The problem
In the entries below, spot each line with the word "Used" and copy it.

Material shown

-- Opening Marker --

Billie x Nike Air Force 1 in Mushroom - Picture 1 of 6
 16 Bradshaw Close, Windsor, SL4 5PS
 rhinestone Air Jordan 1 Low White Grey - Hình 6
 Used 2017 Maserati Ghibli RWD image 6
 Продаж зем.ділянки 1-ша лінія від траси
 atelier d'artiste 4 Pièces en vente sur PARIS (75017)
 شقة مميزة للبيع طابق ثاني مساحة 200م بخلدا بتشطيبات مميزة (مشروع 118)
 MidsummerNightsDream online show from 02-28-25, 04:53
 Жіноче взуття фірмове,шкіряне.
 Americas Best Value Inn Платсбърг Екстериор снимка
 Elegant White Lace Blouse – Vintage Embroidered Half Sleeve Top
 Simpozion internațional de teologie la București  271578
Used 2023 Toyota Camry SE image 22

-- Closing Marker --

Response area
 Used 2017 Maserati Ghibli RWD image 6
Used 2023 Toyota Camry SE image 22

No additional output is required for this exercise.